Os detentos foram mortos durante confronto no interior da unidade
prisional. Após as mortes, a Secretaria da Justiça e Cidadania (Sejus)
transferiu 25 presos e suspendeu as visitas sociais e íntimas em dez prisões da região Centro-Sul do estado.
Conforme o promotor de Justiça Jairo Pequeno Neto, da comarca de
Pentecoste, a cadeia estava parcialmente interditada desde julho de
2017. O MPCE havia entrado com uma Ação Civil Pública requerendo a
interdição devido ao estado precário das instalações da unidade, que
funciona em uma casa alugada no centro da cidade.
A cadeia, no entanto, foi interditada parcialmente pela Justiça para
que fossem realizadas reformas pontuais, como aumento dos furos e
reforço na segurança externa.
"Com base nesses novos fatos, iremos requerer novamente o pedido de
interdição total devido à precariedade da unidade. O pedido será feito
hoje vamos ficar no aguardo da decisão da justiça", comentou o promotor.
Jairo Pequeno acrescentou que a cadeia "gera um risco não só para os
presos, mas também para a população da cidade, em razão das constantes
fugas".
A cadeia fica em uma área residencial da cidade.
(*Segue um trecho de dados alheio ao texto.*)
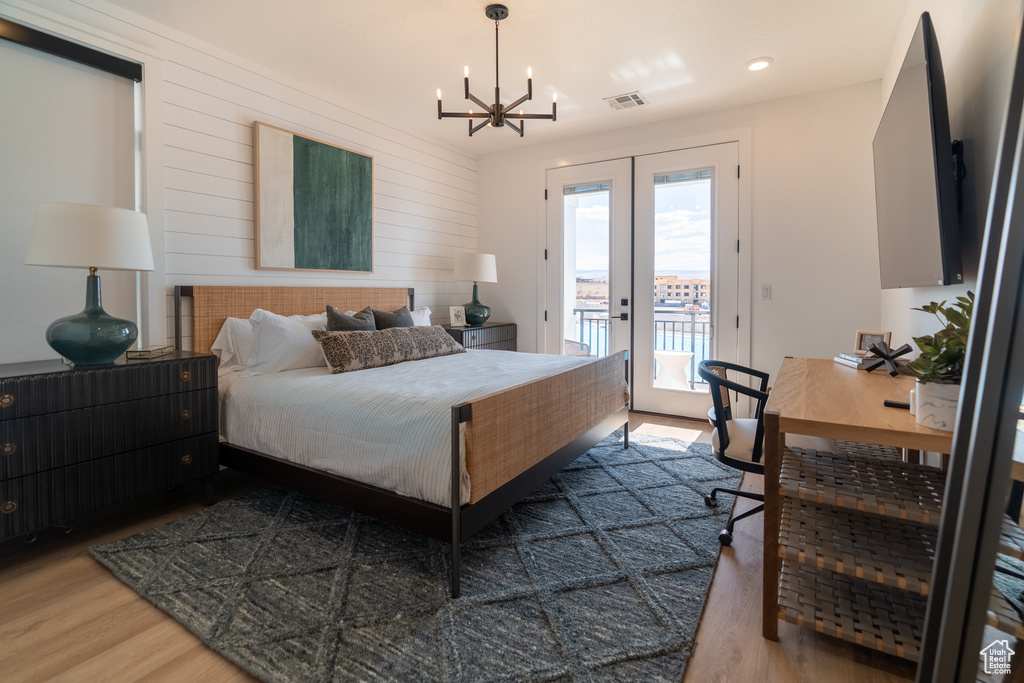 5420 S PERSIAN LN St George, UT 84790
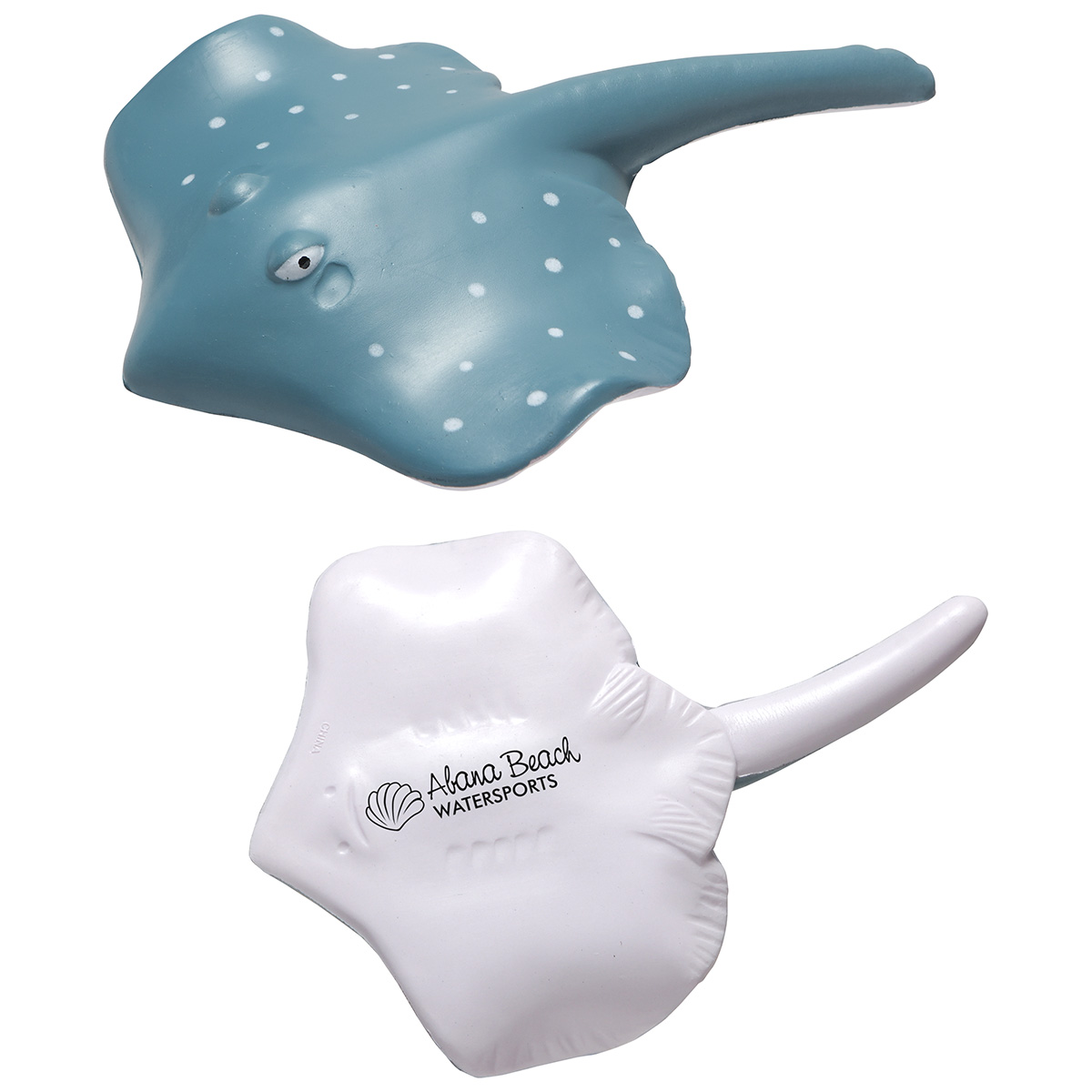 Picture of Stingray Stress Reliever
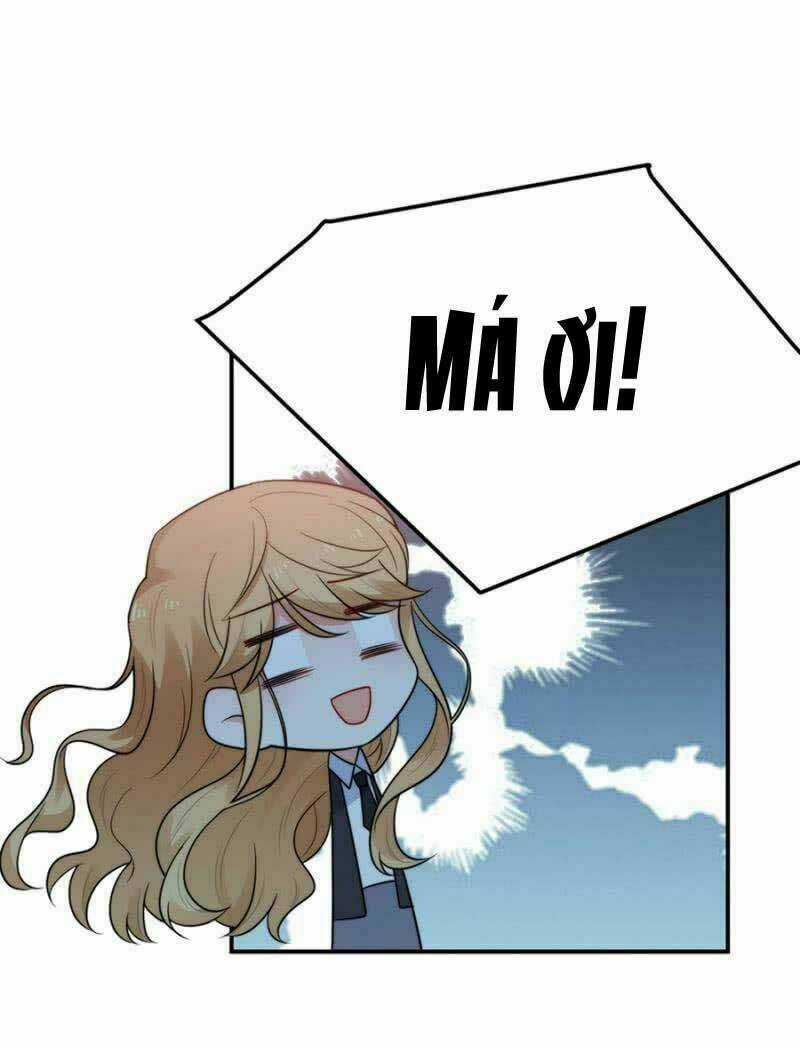 Ma Lạt Thiên Kim Đẩu Ác Thiếu Chapter 236 trang 6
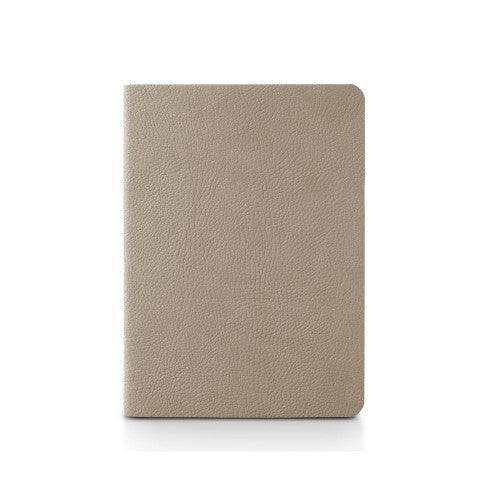 Notatnik CIAK MATE 15x21cm | Kropki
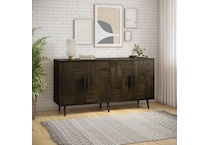jfra brown chests cabinets ess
Além dos presos de
Pentecoste, a unidade prisional abriga detentos de Apuiarés e General
Sampaio.
Investigação
O promotor Jairo Pequeno informou ainda que o Ministério Público
requisitou a instauração de um inquérito policial para investigar como
as armas entraram na unidade. Conforme a Sejus, foram apreendidos
cossocos e três armas de fogo no local.
Por meio de nota, a Secretaria da Justiça que grupos rivais iniciaram a
briga na cadeia. As causas do conflito estão sendo apuradas pela
Delegacia de Pentecoste. Dos nove internos feridos, um passou por um
procedimento cirúrgico e tem a situação delicada. Outros seis permanecem
em atendimento hospitalar e dois já retornaram à unidade prisional.